M Pharmaceutical Inc.

M Pharmaceutical Inc.

April 16, 2015 17:19 ET

M Pharmaceutical Inc. Clarifies Timing for Ten for One Share Consolidation

VANCOUVER, BRITISH COLUMBIA--(Marketwired - April 16, 2015) - M Pharmaceutical Inc. (the "Company") (CSE:MQ) clarified today the timing of its previously announced consolidation (the "Consolidation") of its issued and outstanding common shares ("Common Shares") on the basis of ten old Common Shares for one new Common Share. The proposed Consolidation was approved by shareholders at a special meeting of the Company held on October 10, 2014 and is subject to the approval of the Canadian Securities Exchange ("CSE"). Following the Consolidation, the Company will have approximately 14,273,343 Common Shares outstanding. The Consolidation is intended to better position the Company for institutional investors seeking growth opportunities in the life sciences industry which the Company believes will be the main driver of shareholder value over the next two to three years.

The Company's Common Shares will begin trading on a post-consolidation basis on the CSE at market open on April 17, 2015. The Company's shares will continue to trade under the stock symbol "MQ". The Company has revised the record date for the Consolidation to April 21, 2015.

The Company does not intend to change its corporate name at this time, but will issue new share certificates under a new CUSIP number. Registered shareholders will receive a letter of transmittal from TMX Equity Transfer Services, the Company's transfer agent, with information on how to replace their old share certificates with the new share certificates. Brokerage firms will handle the replacement of share certificates on behalf of their shareholders' accounts.

About M Pharmaceutical Inc.

M Pharmaceutical Inc. is committed to developing and commercializing innovative medical technologies that improve the health and quality of life for people affected by diabetes and obesity. The Company currently has exclusive rights to a family of biomedical technologies including the eMosquito, for automatic and autonomous monitoring of blood glucose by diabetics, and the temporary controllable pseudobezoars, an innovative method for non-invasive dynamic gastric volume reduction for weight loss that has been recently tested in blind, placebo-controlled human studies. The commercial development of the eMosquito and pseudobezoar technologies will require the successful coordination and execution of a wide variety of technology disciplines.


This news release contains forward-looking statements.
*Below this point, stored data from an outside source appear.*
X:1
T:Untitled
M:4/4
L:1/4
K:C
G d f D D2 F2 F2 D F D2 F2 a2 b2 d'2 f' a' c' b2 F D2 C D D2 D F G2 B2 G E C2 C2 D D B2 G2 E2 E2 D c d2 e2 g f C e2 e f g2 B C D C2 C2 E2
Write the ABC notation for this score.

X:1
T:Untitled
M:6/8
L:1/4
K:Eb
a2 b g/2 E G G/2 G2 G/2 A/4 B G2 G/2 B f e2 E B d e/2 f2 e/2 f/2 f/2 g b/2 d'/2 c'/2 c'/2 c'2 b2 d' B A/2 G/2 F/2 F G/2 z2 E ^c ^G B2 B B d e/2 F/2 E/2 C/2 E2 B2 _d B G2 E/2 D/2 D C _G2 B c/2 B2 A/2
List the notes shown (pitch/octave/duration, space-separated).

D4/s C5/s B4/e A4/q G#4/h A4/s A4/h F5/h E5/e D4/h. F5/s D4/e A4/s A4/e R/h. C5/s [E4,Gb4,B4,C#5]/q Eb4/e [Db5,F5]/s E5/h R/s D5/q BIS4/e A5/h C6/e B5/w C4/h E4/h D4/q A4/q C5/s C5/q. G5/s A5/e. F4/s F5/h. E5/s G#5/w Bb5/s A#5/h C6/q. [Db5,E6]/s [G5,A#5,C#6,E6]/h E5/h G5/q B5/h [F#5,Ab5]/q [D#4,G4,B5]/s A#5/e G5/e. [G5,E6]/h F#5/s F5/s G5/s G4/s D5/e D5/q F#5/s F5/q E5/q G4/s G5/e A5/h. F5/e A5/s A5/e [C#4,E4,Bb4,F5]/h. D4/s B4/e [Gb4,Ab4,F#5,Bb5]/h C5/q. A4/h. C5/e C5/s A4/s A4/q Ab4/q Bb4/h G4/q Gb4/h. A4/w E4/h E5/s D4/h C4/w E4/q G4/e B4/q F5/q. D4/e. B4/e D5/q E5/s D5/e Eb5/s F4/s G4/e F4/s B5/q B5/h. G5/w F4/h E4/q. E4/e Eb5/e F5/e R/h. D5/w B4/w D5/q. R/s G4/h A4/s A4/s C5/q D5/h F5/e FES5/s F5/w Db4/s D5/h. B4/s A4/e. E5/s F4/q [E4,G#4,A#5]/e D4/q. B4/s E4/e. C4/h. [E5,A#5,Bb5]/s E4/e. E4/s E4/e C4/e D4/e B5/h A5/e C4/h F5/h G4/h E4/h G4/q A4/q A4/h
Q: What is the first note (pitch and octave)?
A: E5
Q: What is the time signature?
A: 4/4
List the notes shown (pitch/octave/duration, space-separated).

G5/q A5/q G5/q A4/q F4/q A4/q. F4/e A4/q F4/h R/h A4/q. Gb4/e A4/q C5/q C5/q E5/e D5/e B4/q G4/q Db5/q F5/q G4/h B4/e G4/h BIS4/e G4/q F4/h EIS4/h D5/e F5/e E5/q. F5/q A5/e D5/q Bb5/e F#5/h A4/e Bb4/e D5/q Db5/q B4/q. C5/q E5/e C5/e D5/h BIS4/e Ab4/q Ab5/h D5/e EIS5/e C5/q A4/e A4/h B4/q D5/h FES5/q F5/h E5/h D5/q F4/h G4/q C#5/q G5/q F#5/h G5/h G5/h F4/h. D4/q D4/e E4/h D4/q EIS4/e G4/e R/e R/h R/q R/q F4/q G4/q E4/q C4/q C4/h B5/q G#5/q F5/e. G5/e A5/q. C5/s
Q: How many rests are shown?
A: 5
The use of any of the words "anticipate", "continue", "estimate", "expect", "may", "will", "project", "should", "believe" and similar expressions are intended to identify forward-looking statements. Although the Company believes that the expectations and assumptions on which the forward-looking statements are based are reasonable, undue reliance should not be placed on the forward-looking statements because the Company can give no assurance that they will prove to be correct. This news release includes forward-looking statements with respect to the approval of the CSE regarding the Consolidation, the number of Common Shares outstanding following the Consolidation, the date of the resumption of trading on a post-Consolidation basis, and the commercialization of the eMosquito and pseudobezoar technologies. Since forward-looking statements address future events and conditions, by their very nature they involve inherent risks and uncertainties. These statements speak only as of the date of this news release. Actual results could differ materially from those currently anticipated due to a number of factors and risks including various risk factors discussed in the Company's disclosure documents which can be found under the Company's profile on www.sedar.com and such factors as the Company failing to obtain the approval of the CSE for the Consolidation and the failure to successfully commercialize the eMosquito and pseudobezoar technologies.